In January 2012, Prime Minister David Cameron of Britain, the world’s seventh largest economy, travelled on a regular BA Business Class from London to Washington to meet President Obama, although that was against protocol. But that saved his nation over 200,000 GBP. He even rejected a First Class ticket. With this sense of modesty, Cameron ordered his cabinet members to fly Economy Class. In Canada, also, there are very stringent rules governing official trips of ministers. The issue is that if our politicians, civil servants and policy makers in government would cut their high taste for premium cabins, premium fares would drop.
The huge disparity in airfares in an equidistant zone is nothing new. Brussels a 45 minute flight from London, shares a wide fare disparity on the New York route (6 hours 40 mins from London and 8 hours from Brussels). Yet a First Class seat to New York from London is $14,800, while in Brussels it costs, $8,781; a Club World ticket costs $6,462 from London while it is $2,625 from Brussels. But the economy fare is cheaper out of London than it is from Brussels at $1,070 and $2,043 respectively – quite similar to the disparity between Ghana and Nigeria.
However, based on the Bilateral Services Agreement (BASA) signed between the UK and Nigeria, the latter has no business brow beating BA into reducing fares, or interfering in issues relating to fixing fares. Apart from anti-trust issues, for which we lack a law, NCAA has no basis interfering or commenting on the fares of airlines. The irony is that the same NCAA often presides over meetings with local airlines to increase fares. It is laughable that NCAA would not condone the ‘infractions’ by foreign airlines, but approves similar ‘infractions’ by local airlines.
The BASA with the UK has a ‘double disapproval’ clause where parties must totally agree or disagree on any issue; otherwise, the aggrieved party is required to approach an international arbitration panel for resolution. Where in the world do we find a regulatory body fixing the prices of services or products? When MTN and Econet introduced high call rates at the initial stage of their business in Nigeria, market forces through Glo forced them to change their pricing strategy. So let the market forces check the exorbitant fares of BA. The level of personal vendetta against BA is driving embarrassing government decisions and pronouncements.
Policy makers in our aviation industry are painting a worrying picture for local and foreign investors in the sector, and this must stop. It is globally recognised that this sector is a major catalyst to economic development, which we dearly need. I feel sad that in this modern age, there are calls for the re-establishment of another national carrier. The same corruption, free tickets galore, political cronyism, and parochial and myopic business decisions that killed Nigeria Airways will continue with the new carrier. Knowing the level of corruption in Nigeria today, the airline is a dead duck, as there is no any government-owned commercially driven enterprise running efficiently and profitably today.
Unfortunately, Arik Air which should be in a position to take advantage of the vast opportunities in the market is unable to see beyond its nose.
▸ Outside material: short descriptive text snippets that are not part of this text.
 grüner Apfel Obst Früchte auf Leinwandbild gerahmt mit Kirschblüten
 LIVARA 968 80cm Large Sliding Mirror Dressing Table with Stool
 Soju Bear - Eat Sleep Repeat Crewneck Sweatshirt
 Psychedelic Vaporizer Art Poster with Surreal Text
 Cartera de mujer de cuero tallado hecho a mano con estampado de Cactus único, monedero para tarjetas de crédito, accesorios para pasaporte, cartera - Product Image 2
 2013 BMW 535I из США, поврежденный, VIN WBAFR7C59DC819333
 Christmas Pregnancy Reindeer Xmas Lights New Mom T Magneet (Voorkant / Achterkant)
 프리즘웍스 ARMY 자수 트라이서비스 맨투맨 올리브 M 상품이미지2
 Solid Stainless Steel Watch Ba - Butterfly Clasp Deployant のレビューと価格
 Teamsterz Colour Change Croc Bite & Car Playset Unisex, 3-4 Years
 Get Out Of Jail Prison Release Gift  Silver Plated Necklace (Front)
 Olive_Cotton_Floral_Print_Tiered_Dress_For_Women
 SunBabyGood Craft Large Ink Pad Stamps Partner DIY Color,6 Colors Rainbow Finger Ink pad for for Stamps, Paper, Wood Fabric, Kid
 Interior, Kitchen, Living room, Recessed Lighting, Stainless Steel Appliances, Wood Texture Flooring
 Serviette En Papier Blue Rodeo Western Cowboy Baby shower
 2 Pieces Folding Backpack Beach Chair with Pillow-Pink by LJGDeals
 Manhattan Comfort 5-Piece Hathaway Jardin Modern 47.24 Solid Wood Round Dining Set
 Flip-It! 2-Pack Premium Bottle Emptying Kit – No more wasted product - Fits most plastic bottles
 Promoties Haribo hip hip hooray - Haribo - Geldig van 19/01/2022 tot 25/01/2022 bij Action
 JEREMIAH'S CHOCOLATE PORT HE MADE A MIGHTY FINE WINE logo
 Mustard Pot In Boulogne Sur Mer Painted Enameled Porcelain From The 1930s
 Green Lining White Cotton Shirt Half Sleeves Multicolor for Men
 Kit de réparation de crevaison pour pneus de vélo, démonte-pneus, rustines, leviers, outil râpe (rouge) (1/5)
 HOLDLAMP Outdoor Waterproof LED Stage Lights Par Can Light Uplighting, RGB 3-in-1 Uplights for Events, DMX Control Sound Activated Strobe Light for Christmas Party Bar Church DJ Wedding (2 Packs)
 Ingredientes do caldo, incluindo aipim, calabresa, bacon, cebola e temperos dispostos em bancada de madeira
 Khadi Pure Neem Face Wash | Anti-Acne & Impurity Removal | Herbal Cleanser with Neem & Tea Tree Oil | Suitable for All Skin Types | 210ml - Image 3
The airline hasn’t displayed any idea, model or innovation to tap into this huge market. For instance, its economy seats have the best leg room in this market, but there has been no marketing strategy on its part to leverage on this advantage. Arik has hired many competent foreign experts with credible experience to turn the airline into a world class success, but often, they get fired or quit for whatever reason.
Nigeria’s aviation like the nation is at a crossroads and we need a serious surgical operation to get it back to life. May God help Nigeria!
•Tumba is the CEO of SY& T Communications Ltd, a PR firm.